- _AIM OF THE TASK_
As the answer, set down the lines below from the one containing "2023 GWM Ute" through the one containing "Very G Jordyn Sandal", exactly and inclusively, and no others.

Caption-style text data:
----
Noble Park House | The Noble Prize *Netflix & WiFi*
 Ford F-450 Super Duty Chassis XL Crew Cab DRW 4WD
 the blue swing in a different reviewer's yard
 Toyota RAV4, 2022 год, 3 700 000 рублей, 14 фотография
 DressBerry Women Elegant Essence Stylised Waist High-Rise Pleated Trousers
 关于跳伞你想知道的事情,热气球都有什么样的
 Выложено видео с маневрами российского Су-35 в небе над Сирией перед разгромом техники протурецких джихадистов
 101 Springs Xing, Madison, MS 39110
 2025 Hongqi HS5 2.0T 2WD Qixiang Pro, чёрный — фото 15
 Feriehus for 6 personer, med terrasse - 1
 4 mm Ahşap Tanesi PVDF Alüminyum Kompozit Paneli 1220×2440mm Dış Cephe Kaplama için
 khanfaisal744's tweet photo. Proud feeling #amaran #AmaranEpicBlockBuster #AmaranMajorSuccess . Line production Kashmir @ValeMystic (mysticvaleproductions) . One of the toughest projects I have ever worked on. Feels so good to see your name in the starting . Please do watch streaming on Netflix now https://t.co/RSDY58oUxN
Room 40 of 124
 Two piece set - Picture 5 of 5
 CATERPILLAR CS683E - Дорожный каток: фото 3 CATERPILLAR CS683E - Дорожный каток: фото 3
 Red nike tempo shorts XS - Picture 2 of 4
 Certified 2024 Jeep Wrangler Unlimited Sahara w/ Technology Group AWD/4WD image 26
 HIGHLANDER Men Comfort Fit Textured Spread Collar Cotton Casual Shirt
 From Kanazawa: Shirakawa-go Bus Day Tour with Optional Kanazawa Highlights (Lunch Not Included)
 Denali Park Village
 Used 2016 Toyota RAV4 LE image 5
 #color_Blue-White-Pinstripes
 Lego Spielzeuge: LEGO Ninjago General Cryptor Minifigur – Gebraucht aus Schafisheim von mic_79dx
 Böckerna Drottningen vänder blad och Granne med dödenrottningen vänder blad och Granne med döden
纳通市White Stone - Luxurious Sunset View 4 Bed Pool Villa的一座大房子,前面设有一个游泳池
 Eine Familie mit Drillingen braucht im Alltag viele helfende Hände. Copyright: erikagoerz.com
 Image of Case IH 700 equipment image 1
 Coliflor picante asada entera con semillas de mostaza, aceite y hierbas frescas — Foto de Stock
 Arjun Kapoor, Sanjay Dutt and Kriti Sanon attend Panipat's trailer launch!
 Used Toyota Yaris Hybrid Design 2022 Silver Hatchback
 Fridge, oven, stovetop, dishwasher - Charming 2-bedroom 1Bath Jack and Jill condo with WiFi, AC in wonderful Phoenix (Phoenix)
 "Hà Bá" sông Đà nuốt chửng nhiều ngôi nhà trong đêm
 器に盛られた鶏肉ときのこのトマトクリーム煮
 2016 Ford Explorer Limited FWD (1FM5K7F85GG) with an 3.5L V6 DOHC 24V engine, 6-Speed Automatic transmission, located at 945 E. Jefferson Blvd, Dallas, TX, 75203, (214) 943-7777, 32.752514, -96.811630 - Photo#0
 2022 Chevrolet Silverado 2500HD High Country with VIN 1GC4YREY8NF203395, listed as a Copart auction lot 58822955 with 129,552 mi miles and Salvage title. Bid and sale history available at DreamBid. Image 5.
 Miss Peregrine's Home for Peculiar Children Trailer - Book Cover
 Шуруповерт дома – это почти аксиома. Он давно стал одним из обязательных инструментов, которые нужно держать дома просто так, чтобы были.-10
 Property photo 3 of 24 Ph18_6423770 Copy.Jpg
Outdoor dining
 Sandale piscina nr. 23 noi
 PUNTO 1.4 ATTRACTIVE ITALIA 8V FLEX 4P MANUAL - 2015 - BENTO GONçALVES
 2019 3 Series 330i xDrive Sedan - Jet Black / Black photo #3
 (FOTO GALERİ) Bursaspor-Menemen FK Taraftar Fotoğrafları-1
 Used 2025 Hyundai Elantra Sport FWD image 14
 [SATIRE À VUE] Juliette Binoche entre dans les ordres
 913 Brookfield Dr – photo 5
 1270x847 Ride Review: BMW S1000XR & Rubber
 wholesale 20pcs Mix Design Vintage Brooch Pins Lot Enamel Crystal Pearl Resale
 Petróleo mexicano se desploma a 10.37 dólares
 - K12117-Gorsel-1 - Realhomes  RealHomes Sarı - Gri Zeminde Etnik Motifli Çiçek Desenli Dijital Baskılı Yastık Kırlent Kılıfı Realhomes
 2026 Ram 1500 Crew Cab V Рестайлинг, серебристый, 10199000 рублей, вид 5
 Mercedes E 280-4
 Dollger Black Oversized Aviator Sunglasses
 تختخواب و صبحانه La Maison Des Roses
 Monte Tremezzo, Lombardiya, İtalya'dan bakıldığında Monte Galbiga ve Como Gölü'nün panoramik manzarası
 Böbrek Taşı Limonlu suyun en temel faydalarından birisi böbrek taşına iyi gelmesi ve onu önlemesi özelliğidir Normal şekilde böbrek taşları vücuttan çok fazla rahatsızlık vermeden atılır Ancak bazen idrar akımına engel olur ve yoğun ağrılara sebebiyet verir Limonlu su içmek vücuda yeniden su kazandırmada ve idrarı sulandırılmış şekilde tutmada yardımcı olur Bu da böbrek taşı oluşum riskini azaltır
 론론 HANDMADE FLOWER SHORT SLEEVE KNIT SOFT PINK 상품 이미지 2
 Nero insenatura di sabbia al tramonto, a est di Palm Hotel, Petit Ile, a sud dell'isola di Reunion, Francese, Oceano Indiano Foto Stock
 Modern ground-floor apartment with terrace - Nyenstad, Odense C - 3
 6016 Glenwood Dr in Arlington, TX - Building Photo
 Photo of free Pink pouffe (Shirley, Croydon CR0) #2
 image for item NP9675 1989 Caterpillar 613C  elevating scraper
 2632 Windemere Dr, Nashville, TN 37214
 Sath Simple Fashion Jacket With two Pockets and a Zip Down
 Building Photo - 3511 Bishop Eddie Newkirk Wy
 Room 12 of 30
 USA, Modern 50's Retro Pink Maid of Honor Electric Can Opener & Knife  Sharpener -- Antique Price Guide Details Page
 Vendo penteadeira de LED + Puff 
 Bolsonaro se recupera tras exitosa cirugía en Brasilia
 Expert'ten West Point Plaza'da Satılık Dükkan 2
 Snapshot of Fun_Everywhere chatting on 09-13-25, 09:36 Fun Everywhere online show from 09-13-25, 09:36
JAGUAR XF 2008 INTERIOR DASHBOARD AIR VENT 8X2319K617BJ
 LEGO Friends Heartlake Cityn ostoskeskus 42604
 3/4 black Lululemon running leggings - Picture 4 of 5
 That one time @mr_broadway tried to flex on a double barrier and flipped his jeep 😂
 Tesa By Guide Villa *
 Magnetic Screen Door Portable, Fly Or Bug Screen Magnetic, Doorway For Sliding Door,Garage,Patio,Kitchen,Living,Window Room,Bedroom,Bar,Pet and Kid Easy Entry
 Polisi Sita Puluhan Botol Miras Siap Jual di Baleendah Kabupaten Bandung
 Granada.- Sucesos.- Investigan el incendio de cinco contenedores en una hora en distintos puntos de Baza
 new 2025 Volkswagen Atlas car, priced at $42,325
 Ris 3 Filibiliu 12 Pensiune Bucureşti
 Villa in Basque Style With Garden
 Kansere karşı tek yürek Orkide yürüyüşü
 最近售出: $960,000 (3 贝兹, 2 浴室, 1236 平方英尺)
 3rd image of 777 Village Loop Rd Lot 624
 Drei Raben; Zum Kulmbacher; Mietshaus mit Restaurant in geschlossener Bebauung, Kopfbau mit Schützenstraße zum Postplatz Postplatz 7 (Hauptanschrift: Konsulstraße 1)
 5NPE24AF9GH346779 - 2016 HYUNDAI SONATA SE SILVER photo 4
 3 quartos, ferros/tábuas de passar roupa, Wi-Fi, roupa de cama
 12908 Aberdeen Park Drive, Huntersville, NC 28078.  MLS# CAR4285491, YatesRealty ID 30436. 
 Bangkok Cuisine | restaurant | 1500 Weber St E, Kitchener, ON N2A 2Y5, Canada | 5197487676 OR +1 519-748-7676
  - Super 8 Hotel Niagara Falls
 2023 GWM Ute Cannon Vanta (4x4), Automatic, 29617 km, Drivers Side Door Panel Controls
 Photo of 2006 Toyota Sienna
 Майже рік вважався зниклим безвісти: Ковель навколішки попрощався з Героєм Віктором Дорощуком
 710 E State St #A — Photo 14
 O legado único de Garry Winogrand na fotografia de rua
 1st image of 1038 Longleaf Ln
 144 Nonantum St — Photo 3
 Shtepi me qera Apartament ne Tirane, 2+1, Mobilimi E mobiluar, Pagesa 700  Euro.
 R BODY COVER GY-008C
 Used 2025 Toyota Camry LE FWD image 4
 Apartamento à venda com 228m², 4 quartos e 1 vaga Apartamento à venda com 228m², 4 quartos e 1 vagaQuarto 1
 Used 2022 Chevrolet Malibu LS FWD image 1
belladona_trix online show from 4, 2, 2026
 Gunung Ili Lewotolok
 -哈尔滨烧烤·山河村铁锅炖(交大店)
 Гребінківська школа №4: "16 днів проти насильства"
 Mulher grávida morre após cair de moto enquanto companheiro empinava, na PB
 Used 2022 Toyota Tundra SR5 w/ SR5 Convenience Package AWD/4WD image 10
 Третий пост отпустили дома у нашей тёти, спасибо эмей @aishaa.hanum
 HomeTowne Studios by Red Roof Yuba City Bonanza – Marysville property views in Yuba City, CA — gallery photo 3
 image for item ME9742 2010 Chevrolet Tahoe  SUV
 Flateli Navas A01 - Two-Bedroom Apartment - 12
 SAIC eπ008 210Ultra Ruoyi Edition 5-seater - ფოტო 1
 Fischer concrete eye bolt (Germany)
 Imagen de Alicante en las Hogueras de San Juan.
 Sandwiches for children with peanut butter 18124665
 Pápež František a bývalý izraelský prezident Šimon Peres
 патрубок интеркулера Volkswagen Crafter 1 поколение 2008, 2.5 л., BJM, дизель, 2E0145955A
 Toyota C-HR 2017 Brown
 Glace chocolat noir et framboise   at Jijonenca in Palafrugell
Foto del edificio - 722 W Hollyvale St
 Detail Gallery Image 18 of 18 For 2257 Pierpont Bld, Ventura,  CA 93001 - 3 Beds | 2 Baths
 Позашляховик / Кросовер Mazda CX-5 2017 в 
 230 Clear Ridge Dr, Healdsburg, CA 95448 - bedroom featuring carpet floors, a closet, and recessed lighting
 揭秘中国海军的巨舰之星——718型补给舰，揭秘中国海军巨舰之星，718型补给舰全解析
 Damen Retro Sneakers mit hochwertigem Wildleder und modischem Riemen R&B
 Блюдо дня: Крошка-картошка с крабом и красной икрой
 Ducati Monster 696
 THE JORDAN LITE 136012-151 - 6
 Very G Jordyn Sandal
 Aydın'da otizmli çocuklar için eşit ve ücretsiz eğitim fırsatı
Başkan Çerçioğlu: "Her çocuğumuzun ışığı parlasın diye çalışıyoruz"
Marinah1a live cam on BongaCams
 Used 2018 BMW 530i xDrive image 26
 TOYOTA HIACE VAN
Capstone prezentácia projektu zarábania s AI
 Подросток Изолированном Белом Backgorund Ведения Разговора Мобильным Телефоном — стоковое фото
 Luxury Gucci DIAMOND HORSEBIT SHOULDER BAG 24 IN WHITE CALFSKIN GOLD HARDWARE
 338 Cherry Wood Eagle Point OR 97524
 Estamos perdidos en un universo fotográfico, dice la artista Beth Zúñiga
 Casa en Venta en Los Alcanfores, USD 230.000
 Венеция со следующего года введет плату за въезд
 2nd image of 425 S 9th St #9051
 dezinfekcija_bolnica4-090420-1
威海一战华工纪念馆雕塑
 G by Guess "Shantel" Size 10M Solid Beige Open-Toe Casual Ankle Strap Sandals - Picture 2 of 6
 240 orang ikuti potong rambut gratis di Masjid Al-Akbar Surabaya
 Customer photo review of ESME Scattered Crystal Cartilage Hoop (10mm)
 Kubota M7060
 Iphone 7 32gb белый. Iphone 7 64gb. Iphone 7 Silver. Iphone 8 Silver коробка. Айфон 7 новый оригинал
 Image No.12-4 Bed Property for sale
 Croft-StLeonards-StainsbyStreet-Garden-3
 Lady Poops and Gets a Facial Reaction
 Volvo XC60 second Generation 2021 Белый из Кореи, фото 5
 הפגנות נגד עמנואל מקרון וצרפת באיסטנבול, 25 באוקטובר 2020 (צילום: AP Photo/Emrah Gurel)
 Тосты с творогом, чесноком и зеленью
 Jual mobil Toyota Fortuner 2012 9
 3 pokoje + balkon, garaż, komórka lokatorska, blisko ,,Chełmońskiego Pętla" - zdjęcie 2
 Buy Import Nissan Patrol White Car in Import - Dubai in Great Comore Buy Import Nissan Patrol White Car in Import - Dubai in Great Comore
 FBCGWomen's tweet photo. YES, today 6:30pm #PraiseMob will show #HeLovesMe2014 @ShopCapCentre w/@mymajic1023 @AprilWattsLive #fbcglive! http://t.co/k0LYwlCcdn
----
- _WRITTEN ANSWER_
 2023 GWM Ute Cannon Vanta (4x4), Automatic, 29617 km, Drivers Side Door Panel Controls
 Photo of 2006 Toyota Sienna
 Майже рік вважався зниклим безвісти: Ковель навколішки попрощався з Героєм Віктором Дорощуком
 710 E State St #A — Photo 14
 O legado único de Garry Winogrand na fotografia de rua
 1st image of 1038 Longleaf Ln
 144 Nonantum St — Photo 3
 Shtepi me qera Apartament ne Tirane, 2+1, Mobilimi E mobiluar, Pagesa 700  Euro.
 R BODY COVER GY-008C
 Used 2025 Toyota Camry LE FWD image 4
 Apartamento à venda com 228m², 4 quartos e 1 vaga Apartamento à venda com 228m², 4 quartos e 1 vagaQuarto 1
 Used 2022 Chevrolet Malibu LS FWD image 1
belladona_trix online show from 4, 2, 2026
 Gunung Ili Lewotolok
 -哈尔滨烧烤·山河村铁锅炖(交大店)
 Гребінківська школа №4: "16 днів проти насильства"
 Mulher grávida morre após cair de moto enquanto companheiro empinava, na PB
 Used 2022 Toyota Tundra SR5 w/ SR5 Convenience Package AWD/4WD image 10
 Третий пост отпустили дома у нашей тёти, спасибо эмей @aishaa.hanum
 HomeTowne Studios by Red Roof Yuba City Bonanza – Marysville property views in Yuba City, CA — gallery photo 3
 image for item ME9742 2010 Chevrolet Tahoe  SUV
 Flateli Navas A01 - Two-Bedroom Apartment - 12
 SAIC eπ008 210Ultra Ruoyi Edition 5-seater - ფოტო 1
 Fischer concrete eye bolt (Germany)
 Imagen de Alicante en las Hogueras de San Juan.
 Sandwiches for children with peanut butter 18124665
 Pápež František a bývalý izraelský prezident Šimon Peres
 патрубок интеркулера Volkswagen Crafter 1 поколение 2008, 2.5 л., BJM, дизель, 2E0145955A
 Toyota C-HR 2017 Brown
 Glace chocolat noir et framboise   at Jijonenca in Palafrugell
Foto del edificio - 722 W Hollyvale St
 Detail Gallery Image 18 of 18 For 2257 Pierpont Bld, Ventura,  CA 93001 - 3 Beds | 2 Baths
 Позашляховик / Кросовер Mazda CX-5 2017 в 
 230 Clear Ridge Dr, Healdsburg, CA 95448 - bedroom featuring carpet floors, a closet, and recessed lighting
 揭秘中国海军的巨舰之星——718型补给舰，揭秘中国海军巨舰之星，718型补给舰全解析
 Damen Retro Sneakers mit hochwertigem Wildleder und modischem Riemen R&B
 Блюдо дня: Крошка-картошка с крабом и красной икрой
 Ducati Monster 696
 THE JORDAN LITE 136012-151 - 6
 Very G Jordyn Sandal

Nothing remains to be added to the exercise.